Mas ela não veio e a minha mãe veio sofrida e chorosa, ninguém quis me falar porque a Adriana não tinha nascido e eu só descobri depois. A dor que eu vi nos olhos da minha mãe se juntou ao meu pranto contido.

Anos mais tarde, uma outra Adriana da APEOESP, fingiu que me defendia da demissão de abandono de cargo no meu emprego do Estado, impetrada pelo mais burocrata secretário da Educação: Paulo Renato.

Outra injustiça;

Tenho cismado cá comigo como eu, pertencente a uma turma de dez, consegui lutar contra a maré e me formar Professora.

Se eu tivesse morrido, como a Adriana, jamais iria sentir a vida em sua plenitude.

E a revolta vem por saber que a consciência dos políticos ficam embotadas e eles não percebem a dor e o desamor do poder público em relação a famílias pobres, de crianças que morrem antes de nascer.

Desejo ao nobre deputado que tenha bastante vontade em governar São Paulo.

E que lance esse olhar de caridade para as crianças pobres e famintas, pois ele também sabe a dor de perder um irmão, um de seus irmãos morreu em seus braços.

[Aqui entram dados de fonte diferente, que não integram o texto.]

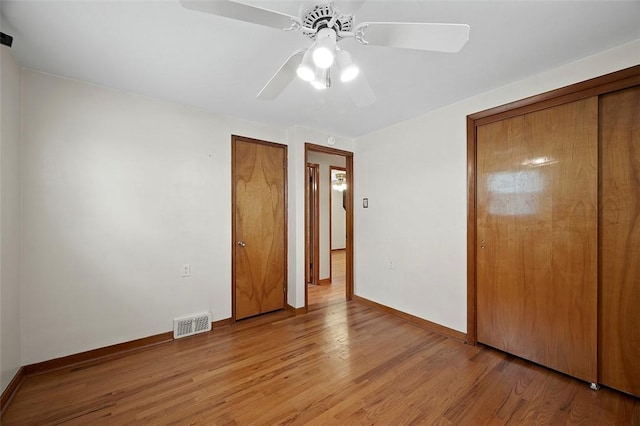 3353 Mcroberts Rd, Castle Shannon, PA 15234 - unfurnished bedroom featuring light wood finished floors, baseboards, and ceiling fan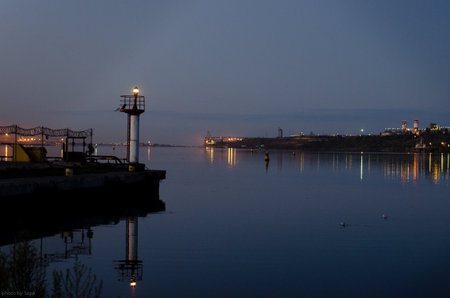 Seaport in a provincial town. Night. Port lights are reflected in the water.の写真素材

Um jovem talentoso que pode fazer muita coisa por essas crianças.

Desde que seu coração seja franco e honesto.

E eu, me libertando da dor da vida, encontro na morte uma esperança: a de ressurreição.

Encontrarei Adriana, de vestido branco e sorriso tímido nas moradas eternas.
E assim, entre tesões e talentos, a vida vai se tecendo nessa teia tênue.

Tecendo a Manhã



1.

Um galo sozinho não tece uma manhã:


ele precisará sempre de outros galos.


De um que apanhe esse grito que ele


e o lance a outro; de um outro galo


que apanhe o grito de um galo antes


e o lance a outro; e de outros galos


que com muitos outros galos se cruzem


os fios de sol de seus gritos de galo,


para que a manhã, desde uma teia tênue,


se vá tecendo, entre todos os galos.






2.


E se encorpando em tela, entre todos,


se erguendo tenda, onde entrem todos,


se entretendendo para todos, no toldo


(a manhã) que plana livre de armação.


A manhã, toldo de um tecido tão aéreo


que, tecido, se eleva por si: luz balão.